OUR COUNTRY’S GOOD, Devonshire Park Theatre, Eastbourne.
One of the most fascinating plays I have ever seen is playing at Devonshire Park Theatre, Eastbourne this week.
Timberlake Wertenbaker’s award-winning play Our Country’s Good is a true story. It is set in the first British convict colony in Botany Bay, Sydney in 1788. On Sunday 17 May 1787 736 convicts set sail from Portsmouth in a rat-infested ship. Eight months later after battling heavy seas they arrived in Australia, a hot and barren country, many of them had only committed a very minor crime like the 84 year-old woman who was deported for stealing one biscuit so she hung herself.
All the characters in the play were real people and many of the things they say in the play were words spoken by them.
Alastair Whatley’s production is so good you actually feel the prisoners’ pain and despair as soon as the curtain goes up. Instead of punishing them 2nd Lieutenant Ralph Clark goes against his senior officers’ wishes and persuades the Governor of New South Wales, Captain Arthur Phillip to let him stage a play, George Farquhar’s The Recruiting Officer and that is the plot of Our Country’s Good.

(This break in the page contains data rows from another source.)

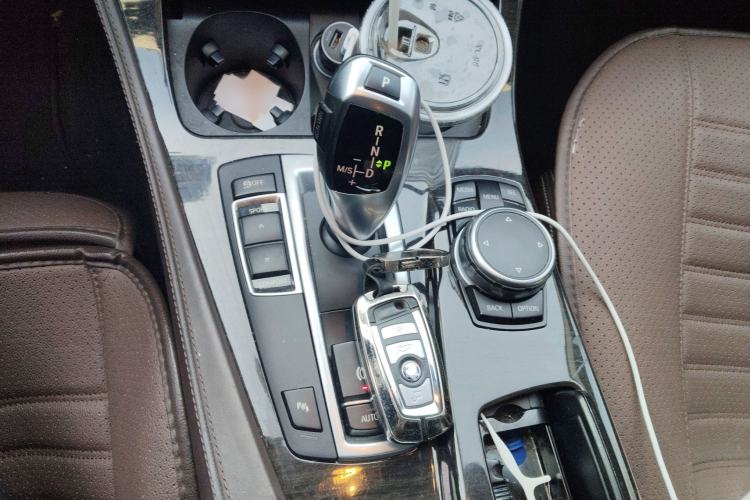 Used BMW 5 Series 2017 525Li Luxury Design Package
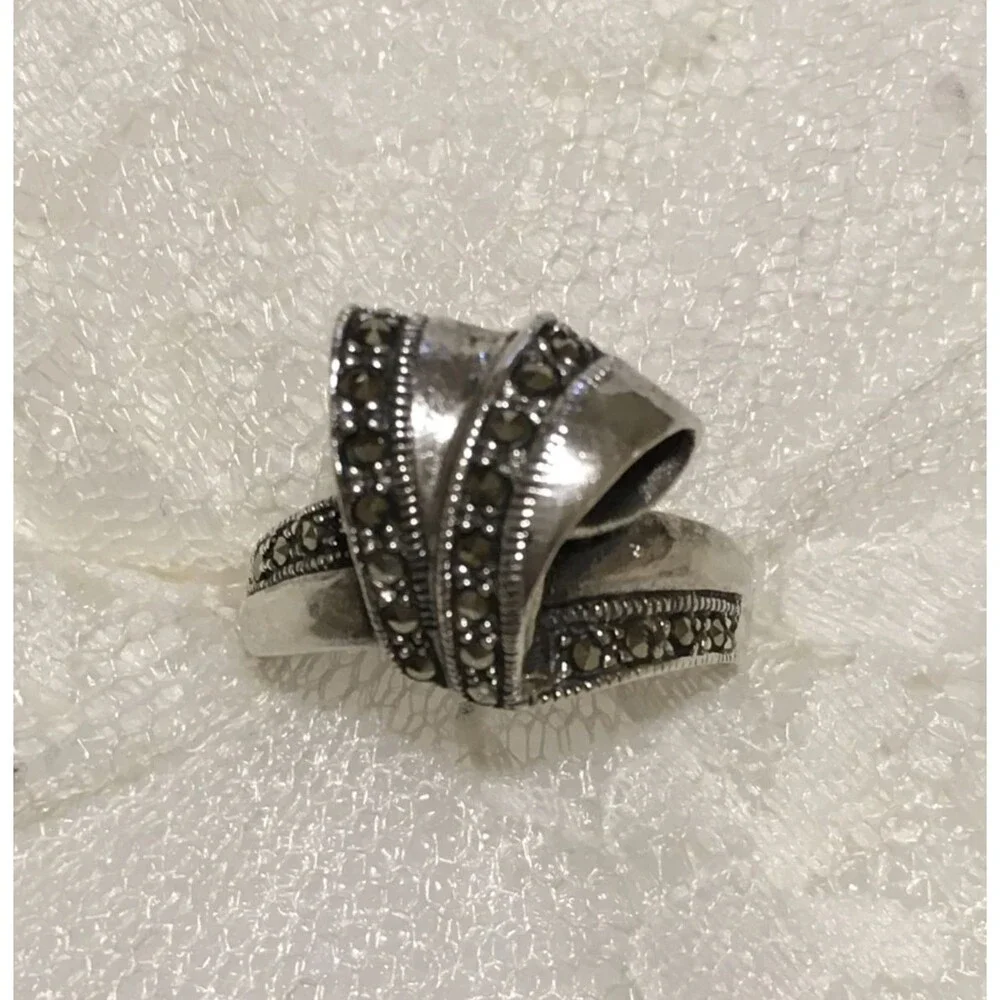Vintage Sterling Silver Ring Womens Sz 8.25 Ribbon Bow design Marcasite Accents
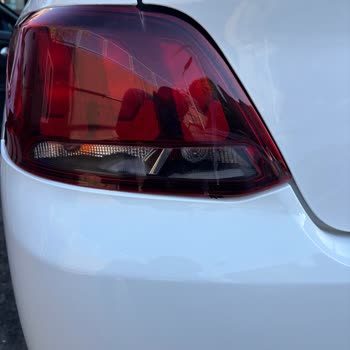 Peugeot 301 Tamirinde Boya Ve Montaj Hatası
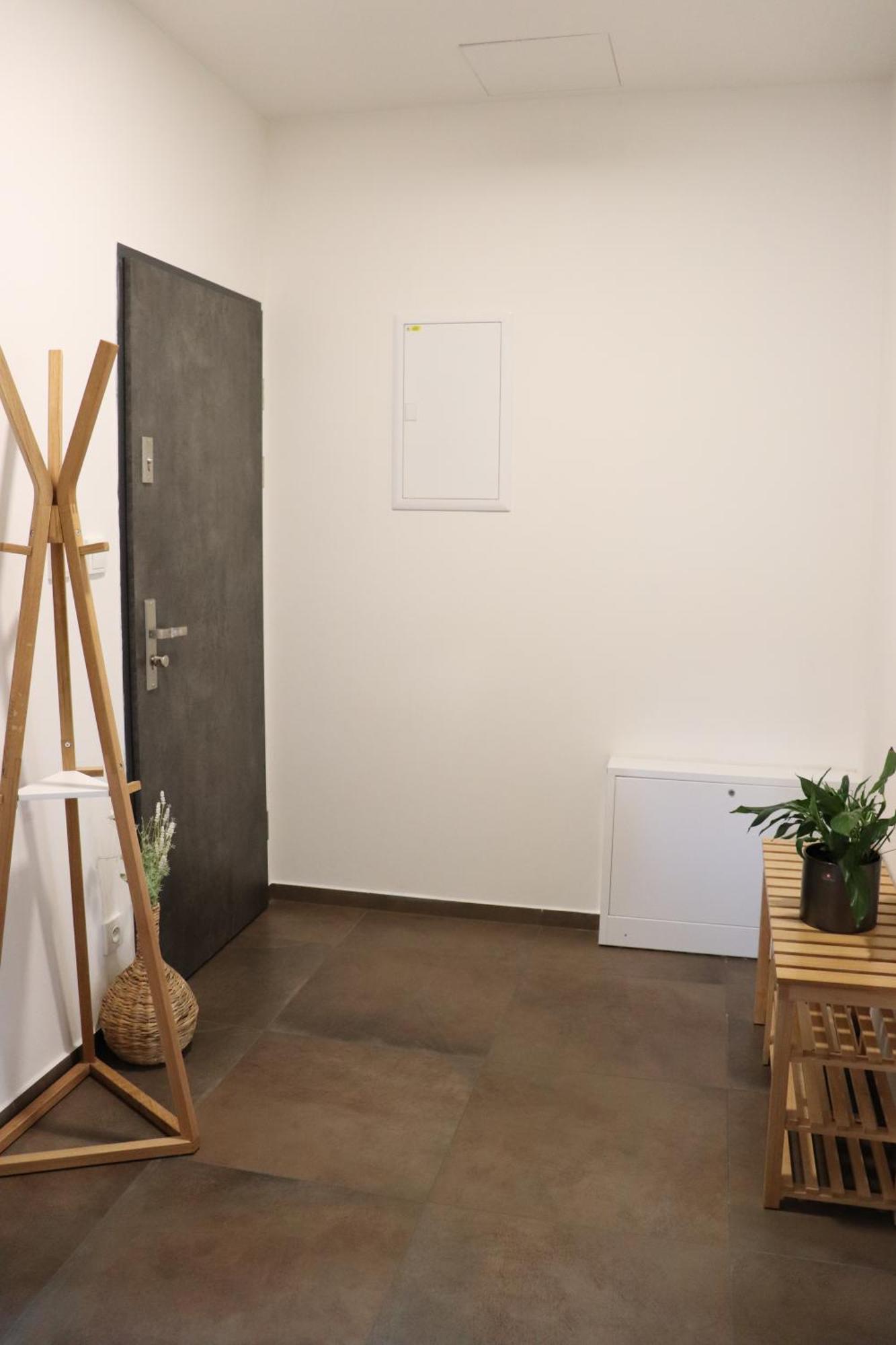 B. Nemcove Apartment *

The women prisoners were amazingly strong and they were superbly played by Emily Bowker, Emma Gregory Rachel Donovan and Jenny Ogilvie. Several of the cast doubled up parts but you never got confused. Aden Gillet made a great Governor but was also excellent in the contrasting role of the Jewish prisoner John Wisehammer.
Christopher Harper captured Ralph Clark’s insecurities and Jack Lord gave a very funny performance as the born actor who overacted all the time Robert Sideway, but you never thought of Sideway when he played Captain David Collins.
For anyone who loves history and good drama this is definitely a play to see.